Second, we determine whether the trial court abused its discretion by sustaining the demurrer without leave to amend. (Harmony Gold U.S.A., Inc. v. County of Los Angeles, supra, 31 Cal.App.5th at p. 830.) Under both standards, the appellant has the burden of demonstrating the trial court erred. (Aguilera v. Heiman (2009) 174 Cal.App.4th 590, 595.) “An abuse of discretion is established when ‘there is a reasonable probability the plaintiff could cure the defect with an amendment.’ ” (Ibid.; accord, Schifando v. City of Los Angeles (2003) 31 Cal.4th 1074, 1081.)

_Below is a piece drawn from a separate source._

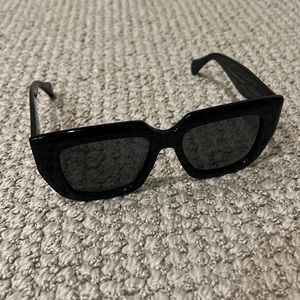 Banbé sunglasses, “The Irina”.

II. Plaintiffs Lack Standing Under the UCL

The UCL prohibits, and provides civil remedies for, unfair competition, which it defines as “any unlawful, unfair or fraudulent business act or practice.” (Bus. & Prof. Code, § 17200.) “Its purpose ‘is to protect both consumers and competitors by promoting fair competition in commercial markets for goods and services.’ ” (Kwikset Corp. v. Superior Court (2011) 51 Cal.4th 310, 320 (Kwikset Corp.); accord, Kasky v. Nike, Inc. (2002) 27 Cal.4th 939, 949.) “In service of that purpose, the Legislature framed the UCL’s substantive provisions in ‘ “broad, sweeping language” ’ . . . .” (Kwikset Corp., supra, at p. 320; accord, Cel-Tech Communications, Inc. v. Los Angeles Cellular Telephone Co. (1999) 20 Cal.4th 163, 181.) “The UCL does not proscribe specific activities, but in relevant part broadly prohibits ‘any unlawful, unfair or fraudulent business act or practice.’ (§ 17200.) ‘ “ ‘Because . . . section 17200 is written in the disjunctive, it establishes three varieties of unfair competition—acts or practices which are unlawful, or unfair, or fraudulent. . . .’ ” ’ [Citations.]” (Aleksick v. 7-Eleven, Inc. (2012) 205 Cal.App.4th 1176, 1184.)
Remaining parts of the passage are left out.